The Hansard Society’s recent 2019 Audit of Political Engagement shows “54% say Britain needs a strong leader who is willing to break the rules”.
That research was done towards the end of 2018: it seems a fair guess that the present state of shambles around Brexit will have seen that number going up since then.
The Guardian coverage of this report on 8 April highlights the sense of concern: it was entitled “UK poised to embrace authoritarianism, warns Hansard Society”, with a subtitle “Public attitudes emerge that ‘challenge core tenets of our democracy’, says report”.
This connects with something I blogged recently about the Brexit saga in terms of failed dependency — of the raw emotions exposed when the sense of failed dependency. A very natural response is to seek a leader who can be trusted (or gives the impression that they can).
The Audit of Political Engagement also shows people thinking the government shouldn’t have to worry so much about votes in parliament, that more important decisions should go to referenda, puts public trust in MPs even lower than it was in the expenses scandal, and says 74% trust the military to act in the public interest, but only 34% say the same of MPs (and 29% say it of political parties). On top of this, it adds that 50% say the main political parties don’t care about people like them, 63% say “the system” is rigged to help the rich and powerful and the proportion who don’t think that political engagement can change the way the UK is run has hit a 15 year high.

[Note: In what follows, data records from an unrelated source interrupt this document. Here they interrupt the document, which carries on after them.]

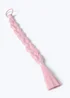Flitzy Pink Braid Fake Hair Pink - One Size Image 3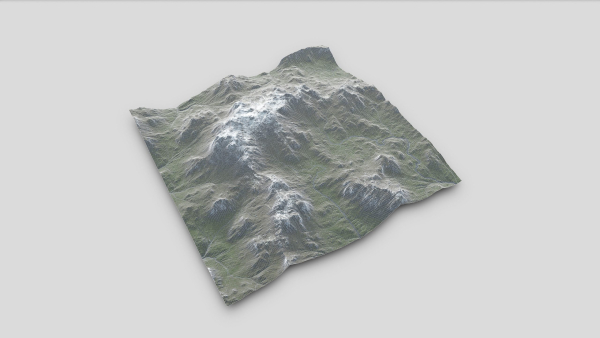 Mountain Summer and Winter Textures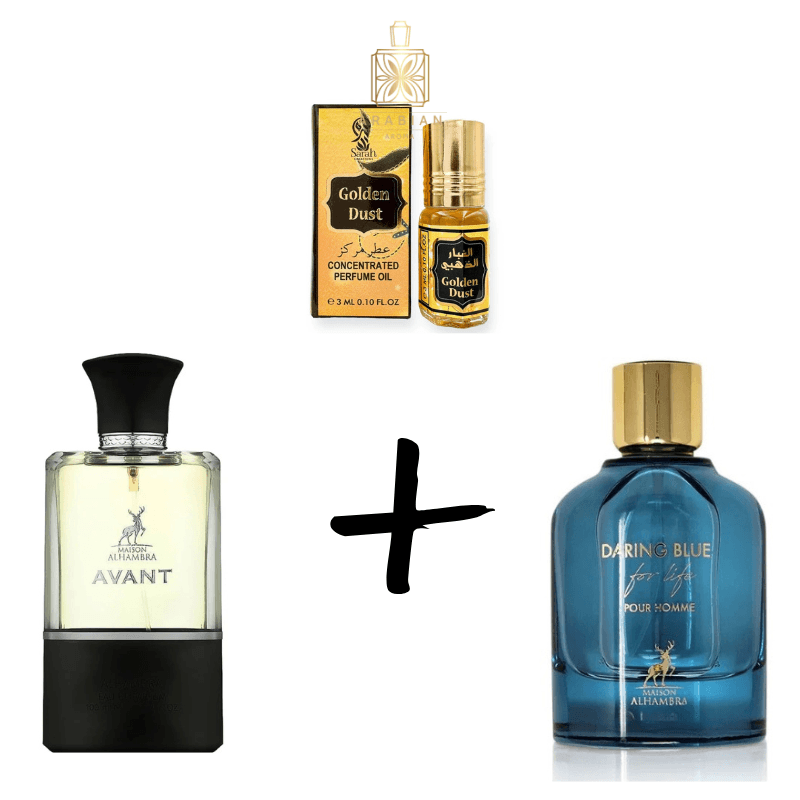 Avant + Daring Blue + Парфюмно масло Oud Sultan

That’s a heady cocktail. Like the scepticism around MPs, referenda assume we can’t trust parliament — it shifts the decision from politicians expected to find out facts and deliberate with each other to find a way forward with broad consent, to people coming to positions without the facts or the deliberation. That’s dangerous: lots of people would be tempted to vote “yes” to lower taxes and “yes” to more money for the NHS, but those two contradict and it takes information and deliberation to reconcile them.
Drawing on Bion and Jung
Writing about processes in groups, Wilfred Bion suggested that, when there’s an unconscious need for a leader, the person who gets mobilised to take up the role is often the most wounded (or dysfunctional) person in the group. His point is that the felt need for “someone” to take on the role emerges, and the person who actually steps into the gap is the person whose pathology means they finally act. There’s a parallel with the way racist feelings can be near the surface in a group, and finally get voiced by the person most easily pressed into the role or cheerleader for racism. They are not necessarily the most racist, but once they have started the attitude spreads if the racism is actually the racism of the group (but one person producing racist language among a group of people who don’t share the feeling would be ignored).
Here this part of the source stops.